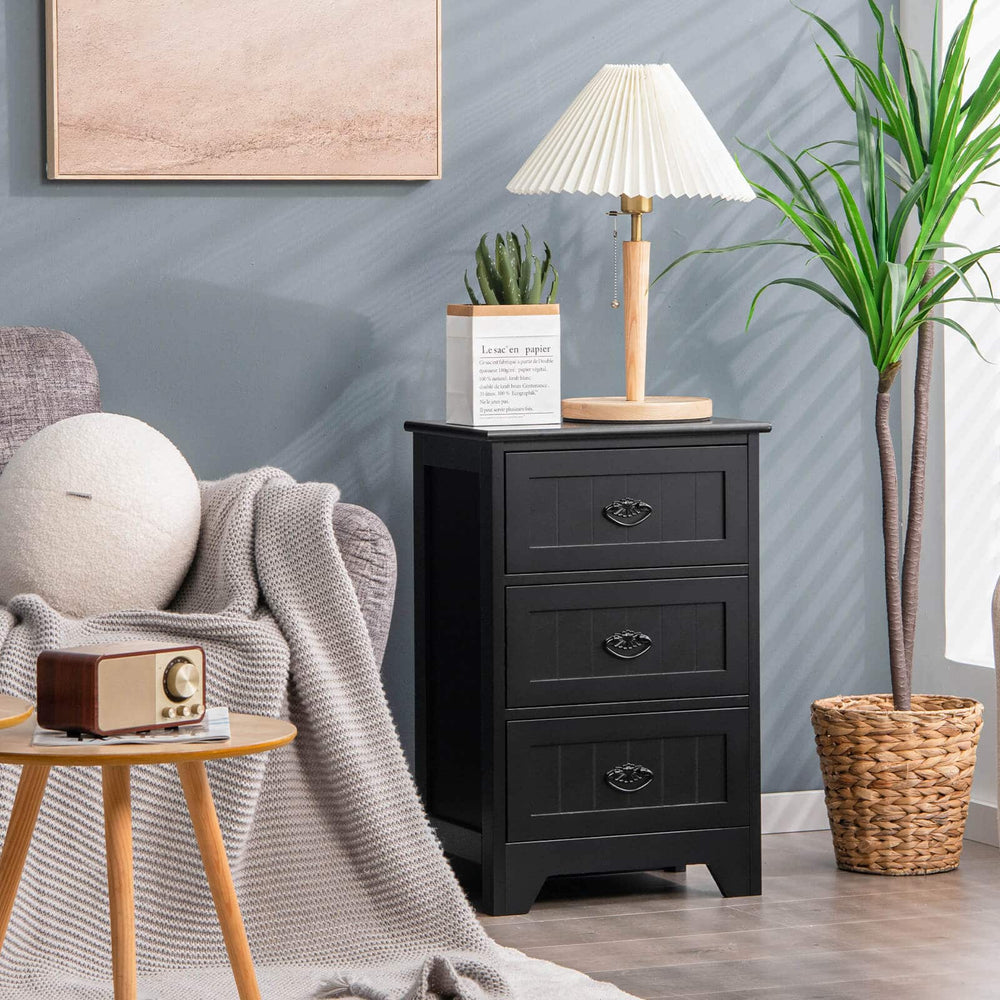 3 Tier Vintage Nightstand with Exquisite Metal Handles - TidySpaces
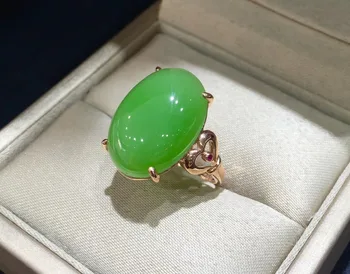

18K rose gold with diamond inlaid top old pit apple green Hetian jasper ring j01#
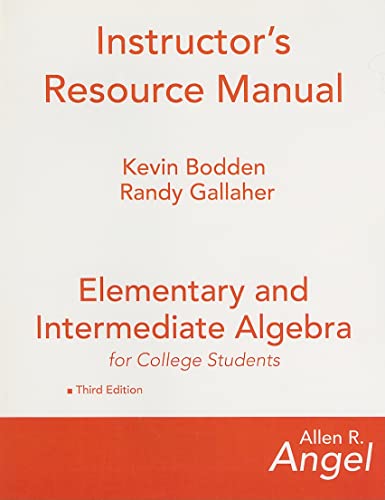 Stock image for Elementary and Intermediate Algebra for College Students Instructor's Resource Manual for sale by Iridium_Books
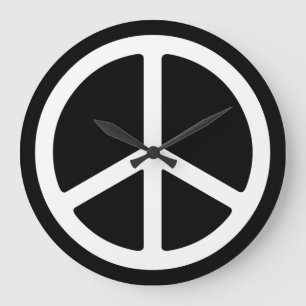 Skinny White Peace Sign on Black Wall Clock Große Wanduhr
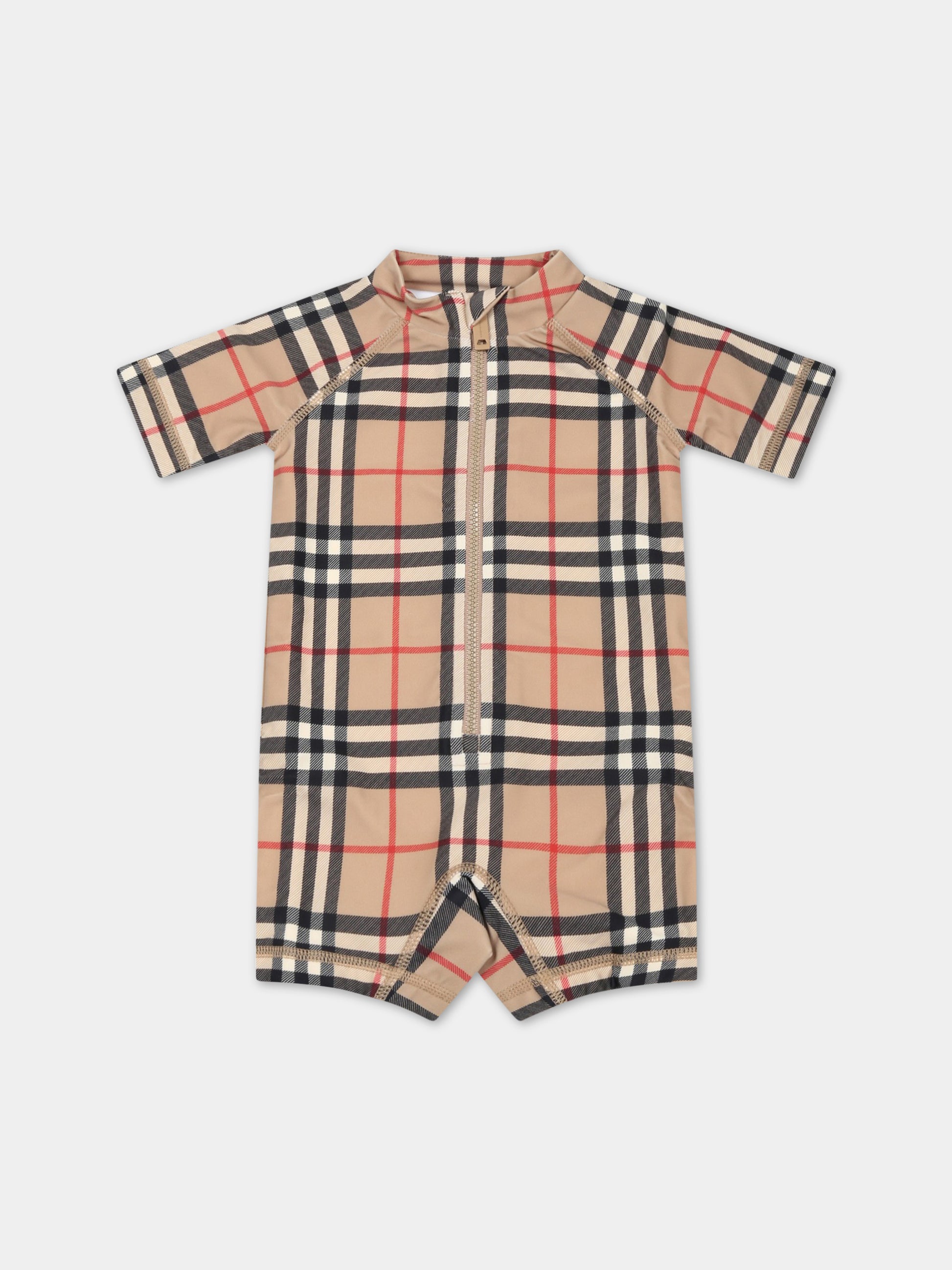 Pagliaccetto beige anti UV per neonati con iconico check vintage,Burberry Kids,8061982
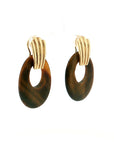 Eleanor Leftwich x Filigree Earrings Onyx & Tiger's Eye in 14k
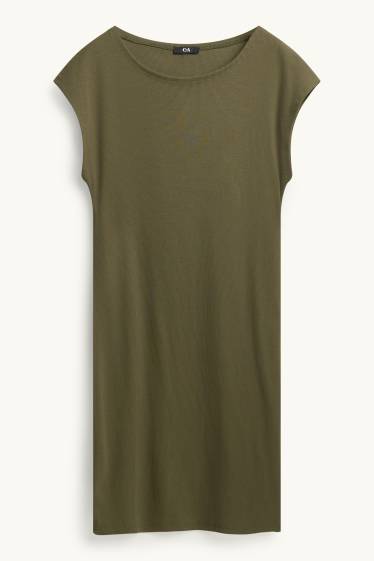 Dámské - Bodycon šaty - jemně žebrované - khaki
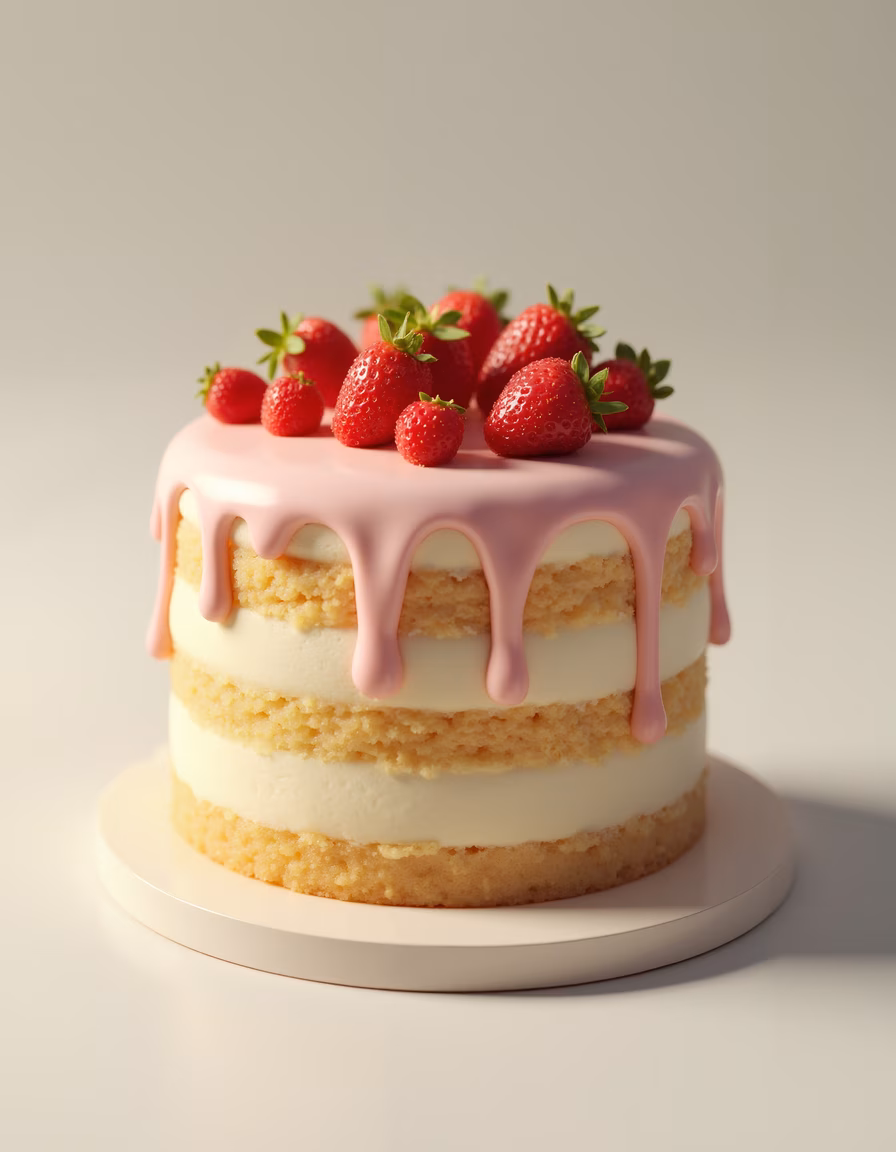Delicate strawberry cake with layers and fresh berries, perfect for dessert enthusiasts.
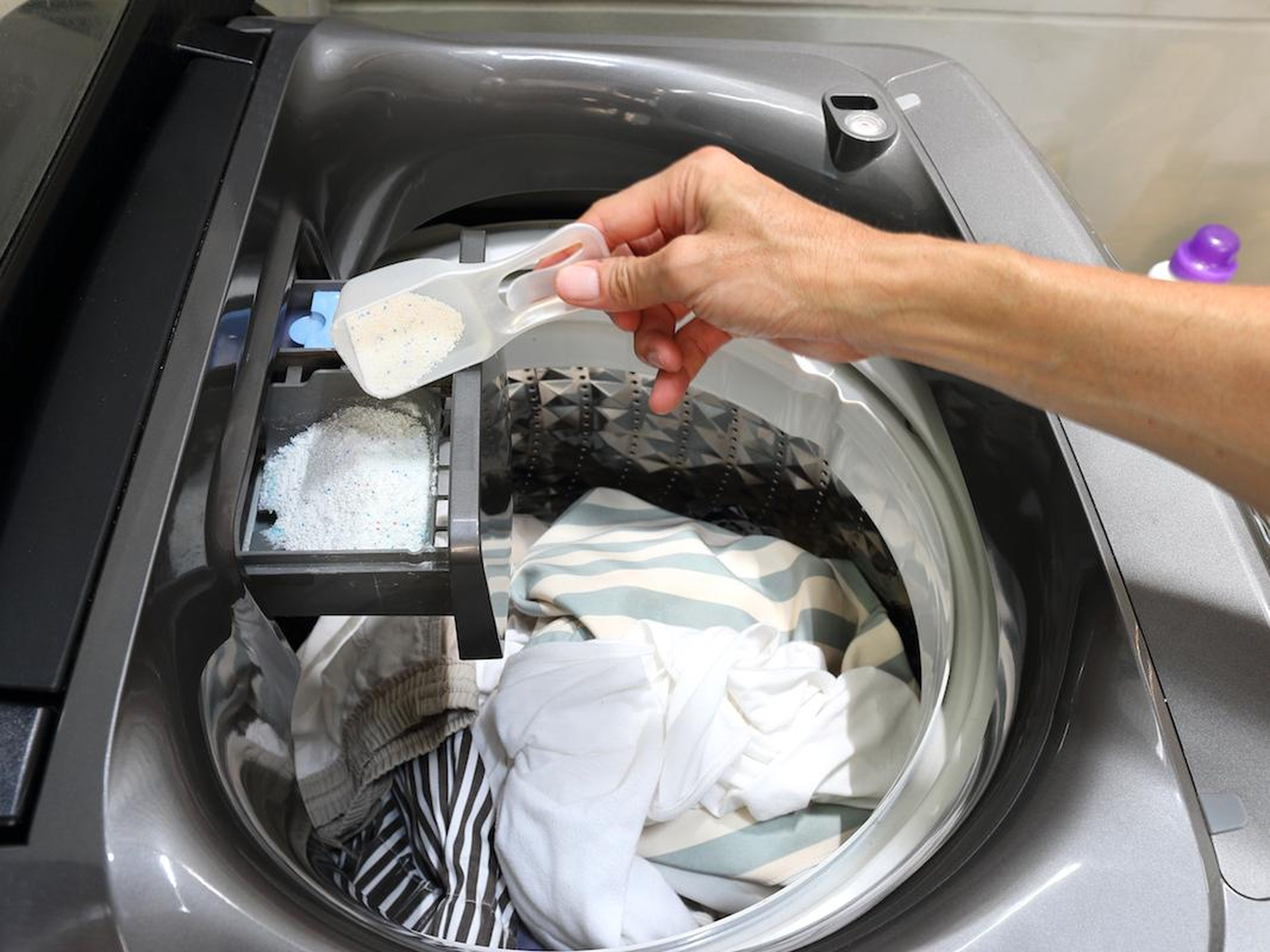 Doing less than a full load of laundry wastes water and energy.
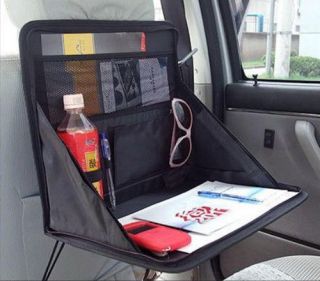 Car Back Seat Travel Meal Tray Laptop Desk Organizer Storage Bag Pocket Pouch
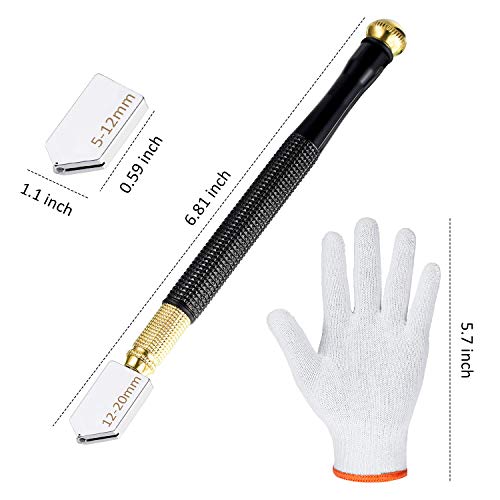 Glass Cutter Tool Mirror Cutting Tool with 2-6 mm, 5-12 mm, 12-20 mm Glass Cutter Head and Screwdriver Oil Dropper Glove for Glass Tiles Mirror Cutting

• _Exercise instructions_:
Using the entries above, transcribe every line from the line containing "Pagliaccetto beige anti" through the line containing "Car Back Seat". Do not copy pictures.

• _The answer_:
 Pagliaccetto beige anti UV per neonati con iconico check vintage,Burberry Kids,8061982
 Eleanor Leftwich x Filigree Earrings Onyx & Tiger's Eye in 14k
 Dámské - Bodycon šaty - jemně žebrované - khaki
Delicate strawberry cake with layers and fresh berries, perfect for dessert enthusiasts.
 Doing less than a full load of laundry wastes water and energy.
 Car Back Seat Travel Meal Tray Laptop Desk Organizer Storage Bag Pocket Pouch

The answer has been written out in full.